Passaram-se praticamente dez anos, e se calhar fomos nós espectadores mais assíduos do seu cinema que endurecemos (e também ter um Lars Von Trier particularmente sádico e deprimente logo a abrir 2019 pode ter “estragado” o restante ano, é verdade!), mas se há uma sensação difícil de abandonar depois de testemunhar esta história de amor, obsessão e traição a três, em que duas mulheres (Emma Stone e Rachel Weisz) disputam a atenção da Rainha Anne (Olivia Colman) na corte do século XVIII, em todo o seu homoerotismo evidente, é a de que o realizador amoleceu com o tempo. Vemos aqui um sadismo sempre bem domesticado, por assim dizer, para agradar não só aos gregos que acudiram ao seu cinema enquanto ainda era falado na sua língua, mas também ao público troiano que o apanhou posteriormente, ou só mesmo agora, quando na manhã de nomeações aos Oscar, se confirmar um dos principais favoritos às cobiçadas estatuetas douradas. Provavelmente estará a ler esta crítica e a pensar: “E então?” Será este um problema de expetativas? 

Olhando para os créditos pode ajudar a justificar esta nova brisa de mudança melhor: esta é efetivamente a sua primeira experiência exclusivamente como realizador desde a sua badalada terceira longa-metragem (e sim, Canino foi o seu terceiro filme!), esse filme digno de entrar em todos os cânones do novo século – quebrando assim a sua parceria com o seu co-argumentista Efthymis Filippou, formada ao longo das últimas quatro fitas. Em seu lugar estão a estreante Deborah Davis e o veterano Tony McNamara (com longo currículo em escrita para televisão e um par de créditos em cinema por comédias românticas). São eles a fornecer desta feita a carne para canhão, isto é, as linhas de diálogo para um trio de atrizes que as usa para tentar sempre ganhar vantagem pessoal.

Quanto a Lanthimos, esse parece mergulhado claramente numa fase Kubrick, desde que a sua integração numa cultura anglo-saxónica foi dando lugar. Tínhamos notado ecos de Eyes Wide Shut – De Olhos Bem Fechados em O Sacrifício de Um Cervo Sagrado (com o bónus de ter uma repetição de Nicole Kidman, a precisar de cuidados sexuais especiais), e com este seu primeiro filme de época (outra jogada atípica), temos claramente uma cinematografia emprestada a Barry Lyndon. São bons pontos de referência, talvez até os meus dois filmes favoritos do cineasta tido como mais cínico e frio do ocidente. Mas são pontos também de distração, para alguém que tínhamos como uma das vozes mais distintas da sua geração. 
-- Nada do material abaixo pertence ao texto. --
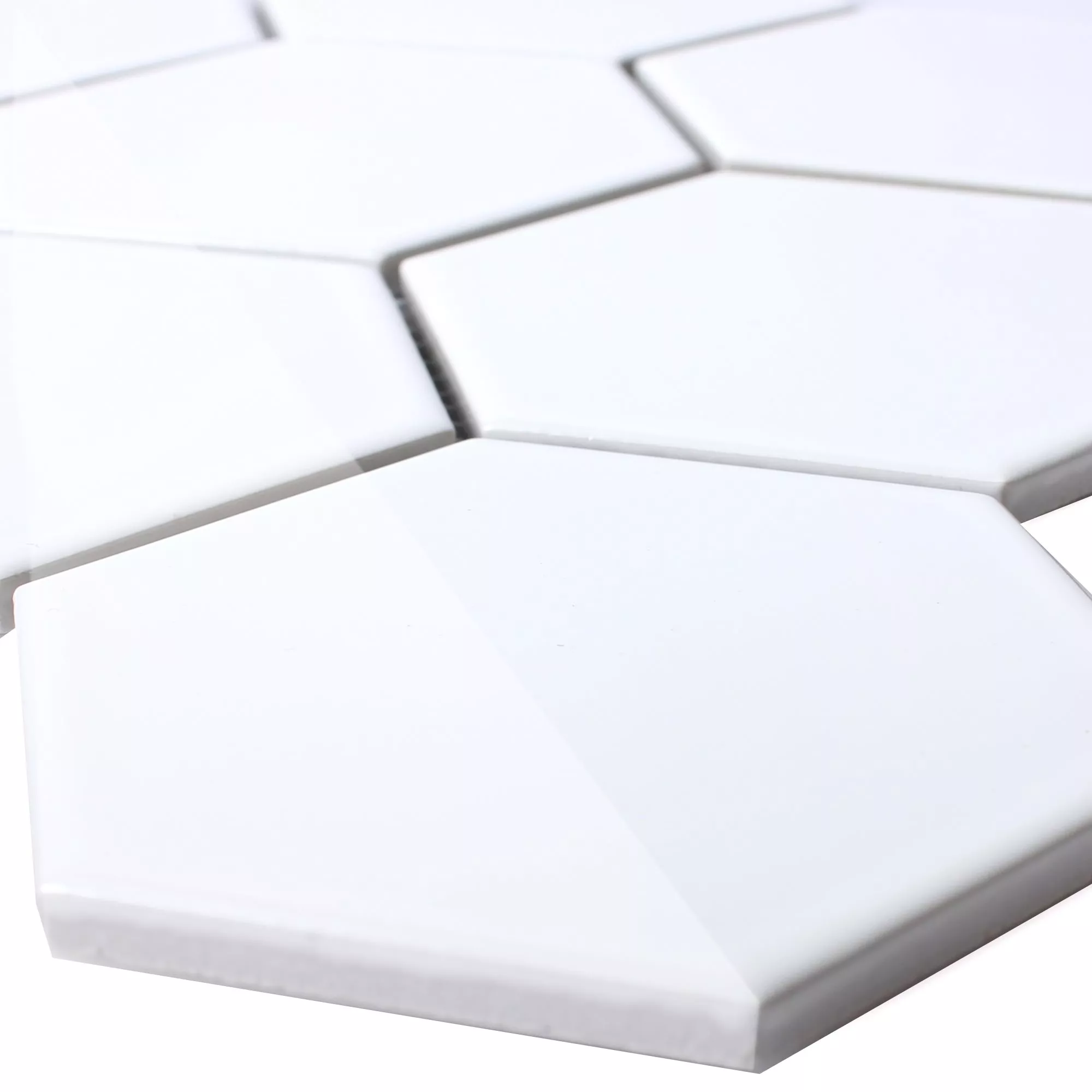 Πρότυπο από Kεραμικά Ψηφιδωτά Πλακάκια Εξάγωνο Salamanca Ασπρο Αστραφτερό H95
Tendo este claro travo de desilusão engolido de quem segue o cineasta desde a sua grande obra-prima, resta também dar uma palmada nos ombros ao extenso hype que entretanto esta obra já gerou: sim, The Favourite é divertido q.b. – ou até em demasia! – e há ainda assim na realização um enquadramento bastante peculiar e único que coloca em perspetiva estas relações de poder, de uma maneira que este filme nunca possa ser confundido com um telefilme BBC. Falta o murro no estômago, a ambiguidade causada por Canino, A Lagosta e até Alps. Lanthimos não se vendeu totalmente à indústria, mas este não deixa ainda assim de ser o seu filme mais acessível, e atrevo-me a dizer, passando a provocação que adoraria ter sentido aqui… básico.